**EXTRACTED ENTRIES:**
***

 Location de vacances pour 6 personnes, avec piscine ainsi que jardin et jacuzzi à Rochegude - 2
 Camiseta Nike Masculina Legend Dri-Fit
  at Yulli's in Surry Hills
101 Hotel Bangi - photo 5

***

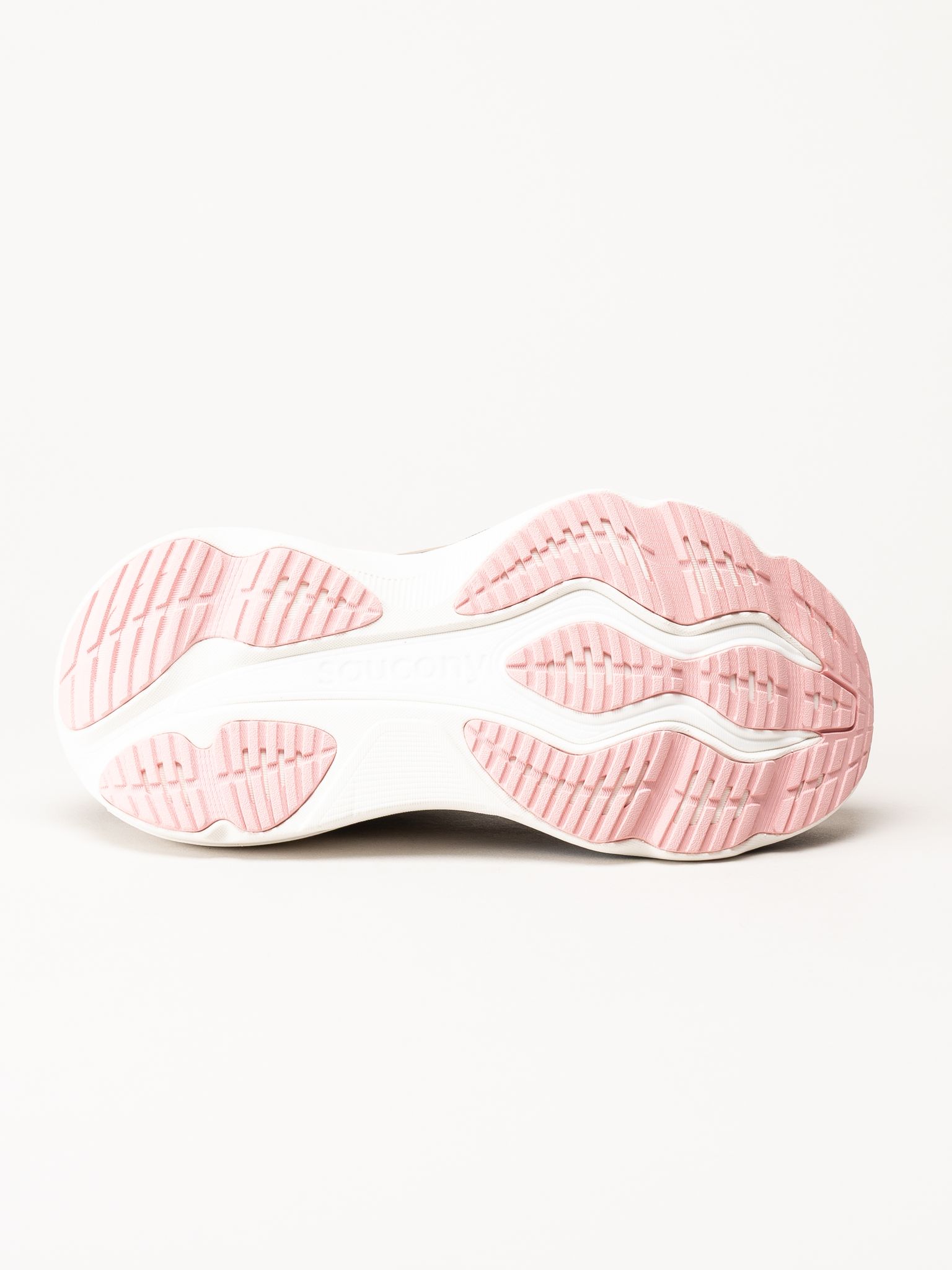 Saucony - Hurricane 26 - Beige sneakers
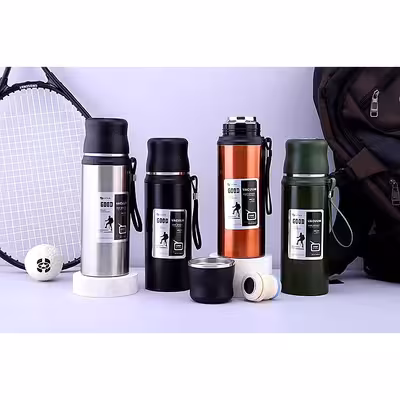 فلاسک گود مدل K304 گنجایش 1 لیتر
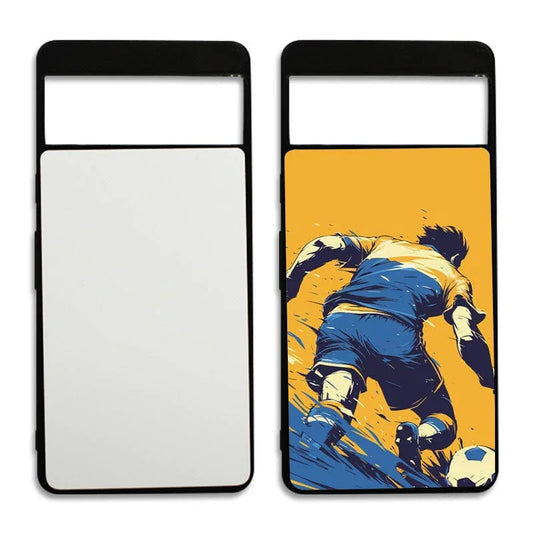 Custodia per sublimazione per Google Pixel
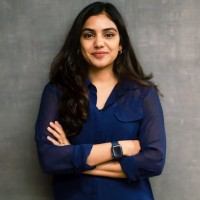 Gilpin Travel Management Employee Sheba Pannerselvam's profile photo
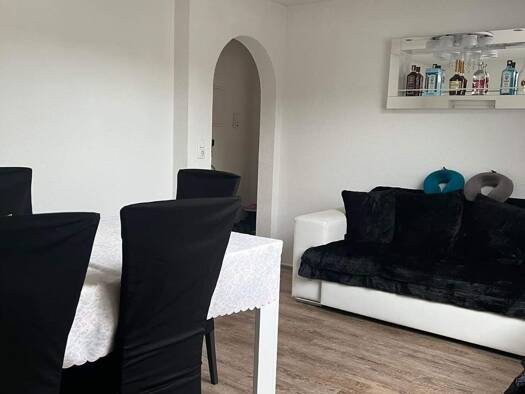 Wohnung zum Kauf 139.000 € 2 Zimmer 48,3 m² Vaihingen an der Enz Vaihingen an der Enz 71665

***

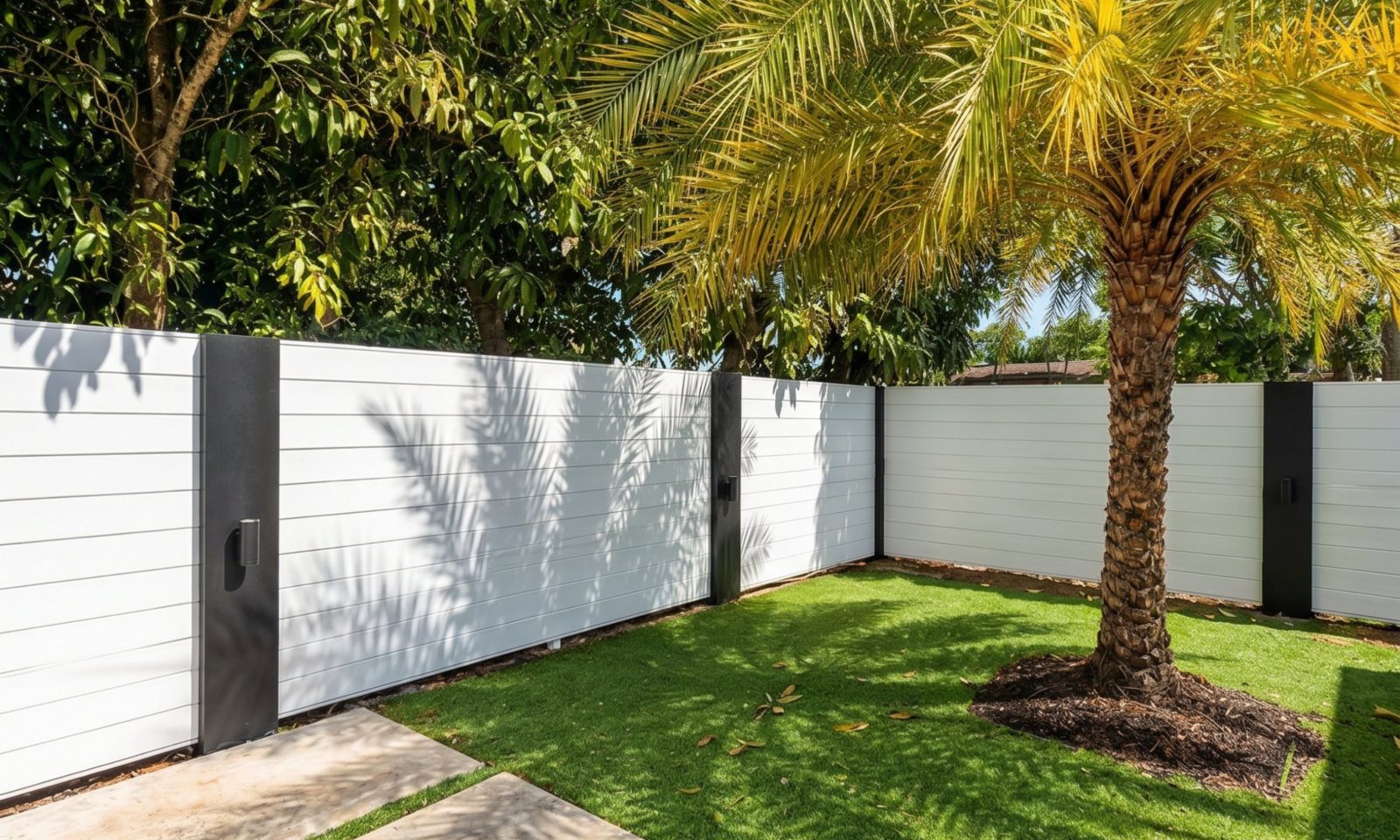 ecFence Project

***

**WORK REQUEST:**
Print, exactly, each line above from the one with "Custodia per sublimazione per Google Pixel" to the one with "Wohnung zum Kauf", end lines included. Leave pictures out of it.

**RESULT OF THIS EXERCISE:**
 Custodia per sublimazione per Google Pixel
 Gilpin Travel Management Employee Sheba Pannerselvam's profile photo
 Wohnung zum Kauf 139.000 € 2 Zimmer 48,3 m² Vaihingen an der Enz Vaihingen an der Enz 71665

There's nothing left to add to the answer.